• [SUPPLIED MATERIAL]:
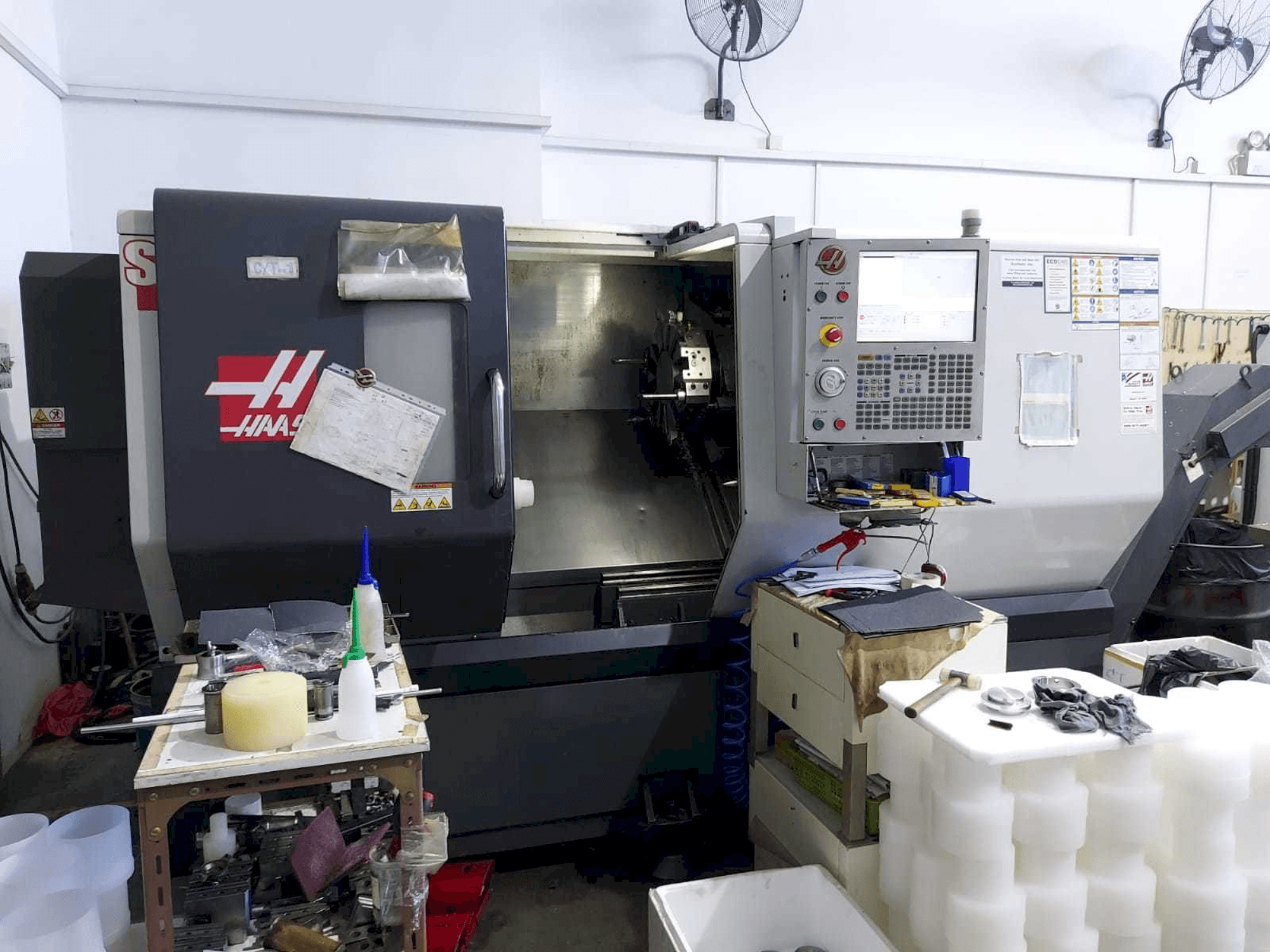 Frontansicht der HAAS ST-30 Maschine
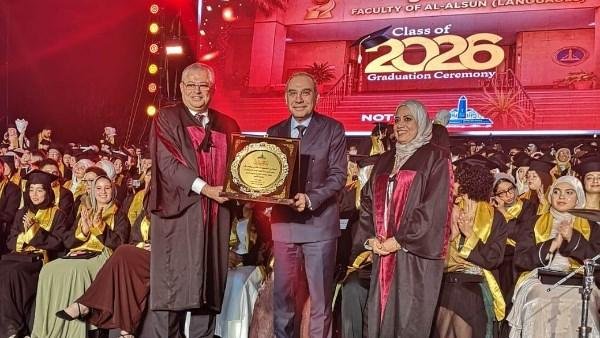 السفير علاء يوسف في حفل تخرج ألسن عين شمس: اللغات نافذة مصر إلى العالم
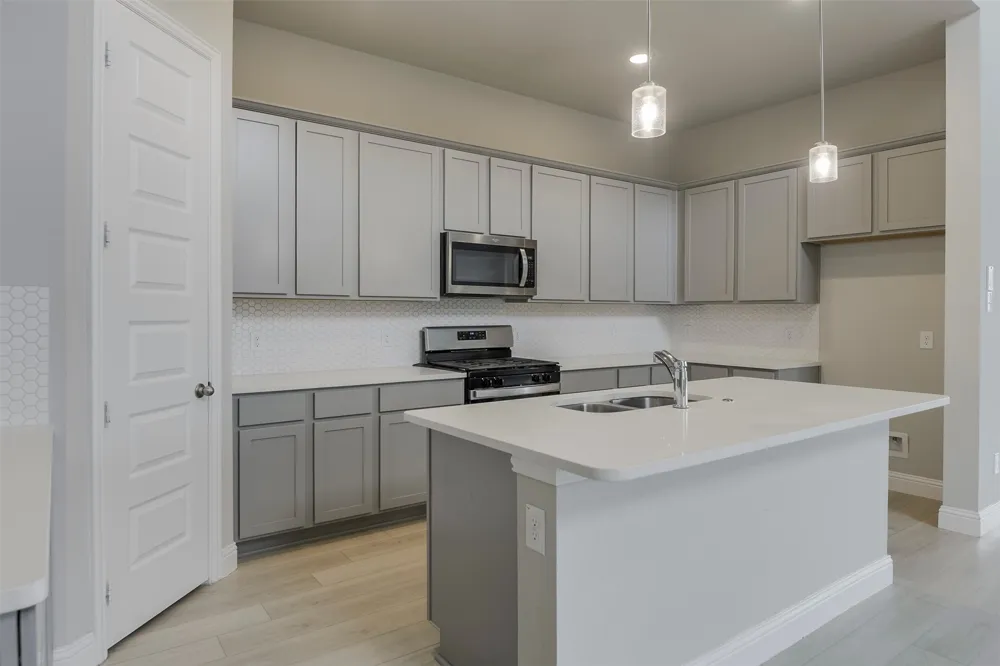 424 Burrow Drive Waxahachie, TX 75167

• [ASSIGNED TASK]:
Excluding all images, transcribe the material word for word.

• [WRITTEN ANSWER]:
 Frontansicht der HAAS ST-30 Maschine
 السفير علاء يوسف في حفل تخرج ألسن عين شمس: اللغات نافذة مصر إلى العالم
 424 Burrow Drive Waxahachie, TX 75167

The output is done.